▶ EXERCISE DESCRIPTION: Copy the entire listing exactly.

▶ RAW DATA:
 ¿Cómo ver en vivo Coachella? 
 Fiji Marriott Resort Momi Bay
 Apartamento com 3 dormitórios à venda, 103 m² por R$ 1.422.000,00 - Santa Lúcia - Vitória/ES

▶ TASK ANSWER:
 ¿Cómo ver en vivo Coachella? 
 Fiji Marriott Resort Momi Bay
 Apartamento com 3 dormitórios à venda, 103 m² por R$ 1.422.000,00 - Santa Lúcia - Vitória/ES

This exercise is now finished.